La gestión del lobo continúa inmersa en un escenario jurídico y administrativo complejo. Aunque desde 2025 el lobo al norte del Duero dejó de integrarse en el Listado de Especies Silvestres en Régimen de Protección Especial, ello no ha supuesto una habilitación automática ni indiscriminada para realizar capturas. La aplicación de las medidas de control sigue condicionada por la normativa de conservación y por la jurisprudencia, particularmente en relación con la acreditación del estado de conservación de la especie.

El artículo refleja cómo las comunidades autónomas han adoptado respuestas distintas: Asturias y Cantabria han aprobado planes con cupos de extracción; Galicia mantiene las capturas paralizadas cautelarmente; y Castilla y León no ha incorporado todavía al lobo a sus planes de gestión. El núcleo de la controversia reside en la necesidad de contar con censos fiables y actualizados y en la determinación de si la población se encuentra en un estado de conservación favorable, cuestión estrechamente ligada al informe que debe remitirse a la Comisión Europea.

En este contexto, resulta especialmente relevante la aportación de Jorge Bernad, socio director del despacho y director del Departamento Jurídico de Fundación Artemisan. Su intervención pone el acento en que las comunidades autónomas pueden autorizar controles poblacionales, pero siempre sobre una base técnica sólida que acredite ese estado favorable de conservación. El debate, por tanto, trasciende la mera posibilidad legal de controlar la especie: exige decisiones proporcionadas, datos rigurosos y una coordinación institucional que permita compatibilizar la protección de la biodiversidad con la defensa efectiva de la ganadería extensiva y del medio rural.

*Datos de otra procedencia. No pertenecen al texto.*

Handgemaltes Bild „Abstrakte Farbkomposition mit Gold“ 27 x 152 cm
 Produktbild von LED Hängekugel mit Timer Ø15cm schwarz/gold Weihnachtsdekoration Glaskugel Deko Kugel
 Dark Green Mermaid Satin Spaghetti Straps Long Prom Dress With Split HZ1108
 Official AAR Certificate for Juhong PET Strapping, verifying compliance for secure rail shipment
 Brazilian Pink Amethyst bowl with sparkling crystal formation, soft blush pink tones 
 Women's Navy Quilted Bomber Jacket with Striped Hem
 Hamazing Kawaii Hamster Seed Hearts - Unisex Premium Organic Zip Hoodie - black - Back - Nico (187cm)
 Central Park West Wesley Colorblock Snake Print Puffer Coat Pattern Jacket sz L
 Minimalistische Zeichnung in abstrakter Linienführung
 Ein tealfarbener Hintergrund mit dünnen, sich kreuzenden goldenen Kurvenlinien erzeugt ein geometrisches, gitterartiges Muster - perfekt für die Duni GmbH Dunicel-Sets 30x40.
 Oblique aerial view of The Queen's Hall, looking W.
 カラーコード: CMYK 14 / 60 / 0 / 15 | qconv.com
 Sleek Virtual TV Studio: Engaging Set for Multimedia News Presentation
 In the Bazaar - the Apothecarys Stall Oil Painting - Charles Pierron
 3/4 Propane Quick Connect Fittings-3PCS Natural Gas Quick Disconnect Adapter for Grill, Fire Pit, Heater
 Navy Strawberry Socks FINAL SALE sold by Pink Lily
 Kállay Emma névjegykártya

El progresivo  aumento en los daños a la ganadería en todas las Comunidades Autónomas donde existen poblaciones de lobo hace necesario adoptar medidas para controlar la especie. Desde la Fundación Artemisan siempre se ha considerado que esos controles deben ser realizados por los cazadores, dando un valor añadido a la especie que de otra forma se está despreciando. No tiene ningún sentido tener que pagar a agentes forestales o personal contratado para que haga un control de las poblaciones de lobo , cuando hay muchos cazadores, tanto nacionales como extranjeros que pagarían importantes sumas de dinero por conseguir abatir un ejemplar de esta especie.